Ein Heer von bis zu 14.000 externen Mitarbeitern ist täglich bei der BASF in Ludwigshafen im Einsatz. Sie arbeiten für rund 1600 Kontraktoren, wie Fremdfirmen im BASF-Jargon genannt werden. Bisher konnten sie die etwa 16.000 Parkplätze rund um das Werksgelände mitbenutzen. Jetzt gilt: Nur noch mit einem speziellen Parkberechtigungsschein darf dort geparkt werden. Die Scheine wurden nach Kontingenten an die Firmen verteilt.

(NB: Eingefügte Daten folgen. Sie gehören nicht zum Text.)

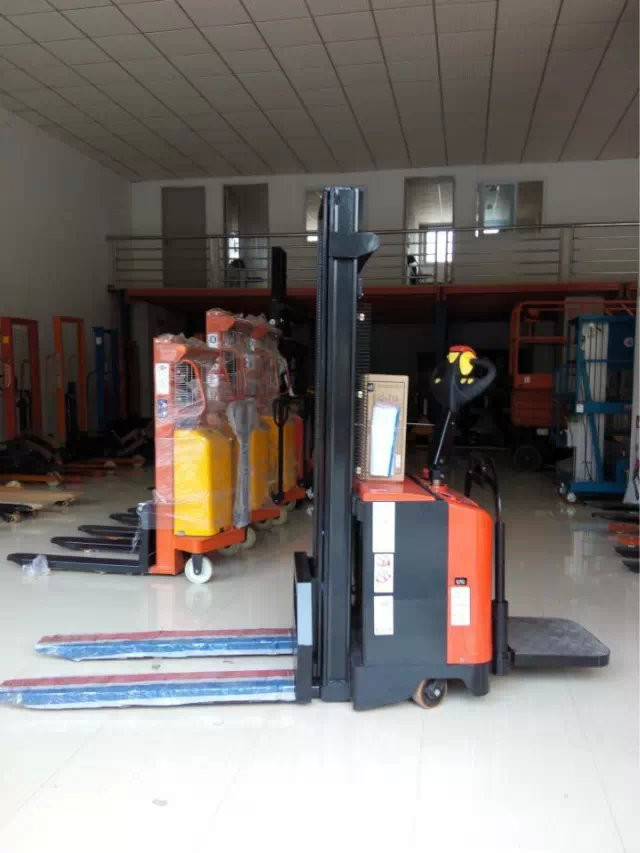 供應1.5噸全電動升降叉車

Wer bei der Verteilung nicht zum Zuge gekommen ist, soll künftig sein Auto draußen an der Werkskläranlage abstellen, auf einem Parkplatz mit 1000 Stellplätzen, der extra eingerichtet worden ist. Ein Shuttlebus transportiert die Mitarbeiter ins Werk. Das sorgt für Frust: Die Mitarbeiter fühlen sich im Vergleich zur BASF-Belegschaft als „Menschen zweiter Klasse“ behandelt. „Wir haben nur ein Dutzend Parkplätze abbekommen“, klagt eine Fremdfirma, die aufgrund ihrer Beschäftigtenzahlen mehr erhofft hatte. Von „Aussperrung“ und „Mobbing“ ist die Rede. Die BASF weist die Kritik zurück, spricht von „partnerschaftlichem Umgang“ und „Zusammenarbeit auf Augenhöhe“. In den vergangenen Jahren sei die Mitarbeiterzahl im Stammwerk auf rund 36.000 angestiegen. Gleichzeitig werde auf dem Werksgelände kräftig gebaut, was die Zahl der Parkplatzsucher nochmal erhöht. „Im Ergebnis gibt es bei den Parkplätzen in Werksnähe an bestimmten Tagen Engpässe“, erläutert eine BASF-Sprecherin. Der kostenlose Parkplatz an der Kläranlage sei extra angelegt worden, weil er verkehrsgünstig an die A 6 und die B 9 angebunden sei. Die Akzeptanz sei jedoch unzureichend, räumt die BASF ein. Mit dem neuen Parkraumkonzept will der Chemiekonzern das ändern. Alle Einfahrten zu allen werksnahen Parkplätzen und Parkhäusern werden von Personal kontrolliert. Im kommenden Jahr sollen dann automatische Schranken zum Einsatz kommen. Und überhaupt: Das Verfahren zur Vergabe der Parkausweise in Werksnähe sei fair gewesen. „Wir werden aber die Nutzung aller Parkflächen genau beobachten, um bei Bedarf nachsteuern zu können“, lässt der Konzern verlautbaren. Ohnehin bemüht sich der Konzern, die Blechlawine zu reduzieren, die sich im Berufsverkehr zur BASF wälzt. Schon jetzt werden Fahrgemeinschaften von Anilinern gefördert, indem sie reservierte Parkflächen bekommen, dazu ist eine BASF-Mitfahrbörse online. Der Konzern räumt aber auch ein, dass die Nahverkehrsnutzung seiner Mitarbeiter rückläufig ist. Ein Grund dafür könnte sein, dass es für die Aniliner kein Jobticket gibt. Die Parkplatzsituation könnte sich indes in den kommenden Jahren anders entspannen: Die BASF plant, eher weniger im Stammwerk zu investieren – und mit dem Ende der aktuellen Großbauvorhaben wird die Anzahl der Kontraktoren sinken.